There’s the right thing to do, and then there’s the really right thing to do. Usually, God has to show us the latter.

The Bible calls us to remember the different roles faithful human beings played in the arrival and upbringing of Jesus Christ on earth. The stories of Joseph and Mary have a particular twist to them that we should keep in mind whenever we’re trying to discern God’s will.

Joseph was a righteous or “just” man. We know this because the fact is stated flatly in his story as found in Matthew 1:18-25. By “just,” the author of Matthew is saying that Joseph is more than a simple keeper of the law; he has what we might call a good heart.

Most Christians know the basics of the story. Mary, who was engaged to Joseph, found herself to be pregnant by the Holy Spirit, carrying the promised Messiah in her womb. This meant very real trouble for Mary. In her day, an engagement carried with it all the legal and moral requirements of a full marriage, even though the couple had not yet consummated the relationship.

Upon discovering Mary was pregnant by another, Joseph under the law had every right to have her publicly shamed and even stoned to death. Instead, he resolved to let her escape what he believed to be her sin, “planning to dismiss her quietly.”

It was very much the right thing to do, a gracious, loving and noble act, abundant in mercy toward someone he believed had wronged him terribly. Joseph was truly a good-hearted man.

Our righteousness can never match God’s holiness, however, and sometimes we are called to go beyond even high standards of goodness to follow God’s will. When an angel later came to Joseph in a dream, he learned the truly spectacular facts surrounding the child in Mary’s womb.

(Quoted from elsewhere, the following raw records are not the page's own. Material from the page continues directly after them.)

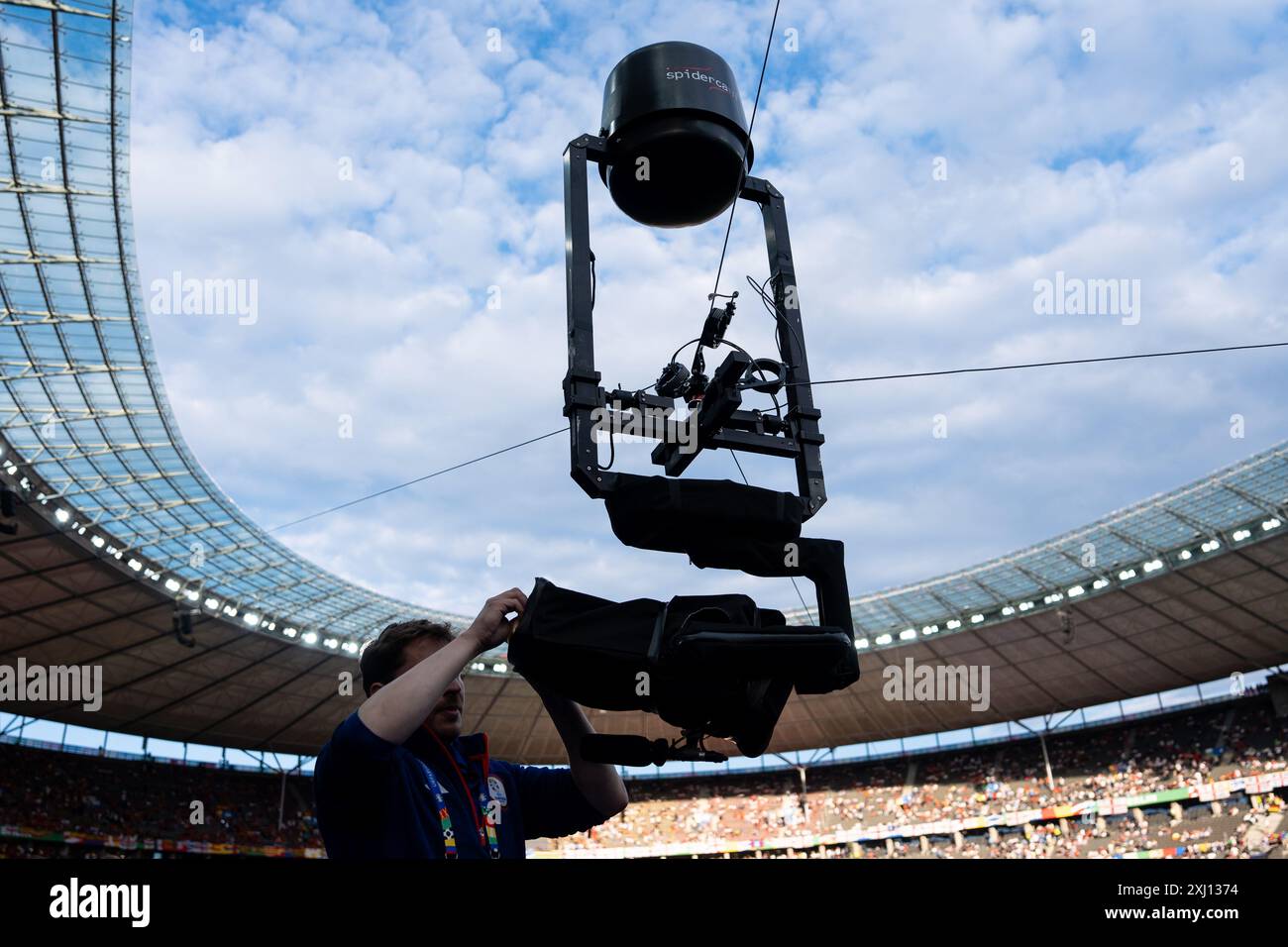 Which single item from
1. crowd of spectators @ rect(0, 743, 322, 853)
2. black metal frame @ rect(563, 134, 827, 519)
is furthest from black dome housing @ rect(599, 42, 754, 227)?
crowd of spectators @ rect(0, 743, 322, 853)

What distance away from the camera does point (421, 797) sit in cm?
213

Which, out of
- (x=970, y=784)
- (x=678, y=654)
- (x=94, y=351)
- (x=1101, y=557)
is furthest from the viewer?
(x=970, y=784)

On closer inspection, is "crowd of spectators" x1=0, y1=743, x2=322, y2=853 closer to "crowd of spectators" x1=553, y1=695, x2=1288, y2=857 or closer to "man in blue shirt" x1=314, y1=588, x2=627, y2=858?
"crowd of spectators" x1=553, y1=695, x2=1288, y2=857

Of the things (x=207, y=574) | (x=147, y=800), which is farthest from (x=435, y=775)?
(x=147, y=800)

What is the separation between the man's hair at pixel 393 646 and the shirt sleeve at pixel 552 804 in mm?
518

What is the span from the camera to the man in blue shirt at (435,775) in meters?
1.83

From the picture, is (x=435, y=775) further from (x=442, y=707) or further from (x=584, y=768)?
(x=584, y=768)

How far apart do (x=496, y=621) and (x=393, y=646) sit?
494 millimetres

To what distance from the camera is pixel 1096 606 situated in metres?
29.5

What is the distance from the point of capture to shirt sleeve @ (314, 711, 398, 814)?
1821 millimetres

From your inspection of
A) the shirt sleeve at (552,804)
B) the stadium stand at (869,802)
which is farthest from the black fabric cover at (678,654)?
the stadium stand at (869,802)

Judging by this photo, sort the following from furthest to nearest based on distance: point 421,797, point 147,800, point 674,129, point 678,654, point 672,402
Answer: point 147,800 < point 674,129 < point 672,402 < point 421,797 < point 678,654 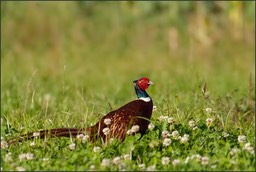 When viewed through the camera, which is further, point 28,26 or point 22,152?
point 28,26

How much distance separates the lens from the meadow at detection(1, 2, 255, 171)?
18.9ft

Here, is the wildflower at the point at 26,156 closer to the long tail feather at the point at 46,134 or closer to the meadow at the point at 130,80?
the meadow at the point at 130,80

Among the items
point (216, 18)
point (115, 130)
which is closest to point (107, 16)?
point (216, 18)

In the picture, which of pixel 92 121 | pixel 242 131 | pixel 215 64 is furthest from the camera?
pixel 215 64

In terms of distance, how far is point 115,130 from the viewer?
20.1 feet

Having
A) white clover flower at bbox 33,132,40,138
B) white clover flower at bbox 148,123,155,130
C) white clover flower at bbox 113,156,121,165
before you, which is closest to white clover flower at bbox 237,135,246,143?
white clover flower at bbox 148,123,155,130

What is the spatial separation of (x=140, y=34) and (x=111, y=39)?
27.6 inches

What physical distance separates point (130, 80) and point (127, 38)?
4.43m

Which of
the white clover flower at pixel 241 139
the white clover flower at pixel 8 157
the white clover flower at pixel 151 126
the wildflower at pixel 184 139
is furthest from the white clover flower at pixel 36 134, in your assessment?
the white clover flower at pixel 241 139

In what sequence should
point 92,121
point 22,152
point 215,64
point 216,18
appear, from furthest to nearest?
point 216,18
point 215,64
point 92,121
point 22,152

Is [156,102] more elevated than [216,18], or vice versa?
[216,18]

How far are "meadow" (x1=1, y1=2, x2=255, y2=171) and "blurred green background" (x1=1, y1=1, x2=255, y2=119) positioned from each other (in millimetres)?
27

To follow God’s will, Joseph had to do several difficult things. He had to trust that his relationship with God was strong enough to let him hear God correctly. He had to risk his honor, exposing himself to the whispers that may have happened in his village: “Joseph cannot control himself,” or another possible rumor, “Joseph is foolish enough to raise another man’s child.”

And most of all, he had to take on a challenge few people would feel equipped to handle, the protection and rearing of the Savior.

Joseph proved to be the kind of man God sought. Apparently without hesitation, he took on this task as soon as he awoke.

In Luke, which focuses more on Mary’s story, we see a similar ability to go beyond the human definition of what is right and dwell in God’s holy plan. When Mary prophetically utters what we now know as the “Magnificat,” we see a mind open to God’s extraordinary plan to turn the world topsy-turvy through Christ.

I believe we still experience Joseph and Mary moments today. There are decisions we face where there are at least two answers, one demonstrably good to the world, the second riskier but even more in tune with something new that God seems to be doing.

Maybe the decision lies in how we deal with our spouses or raise our children. Maybe it has to do with the work of our church. Perhaps it is in the very calling God has placed on our lives.

The key is to stay in tune with God through prayer, study and worship, and then watch for God’s guidance in such moments. We’re left then to ask ourselves, “Can I respond as bravely as Joseph  and Mary?”

It’s not hard to get to “yes” if we keep in mind the lesson of the coming Christmas season. God is with us, and as the angels tell us repeatedly, we have nothing to fear.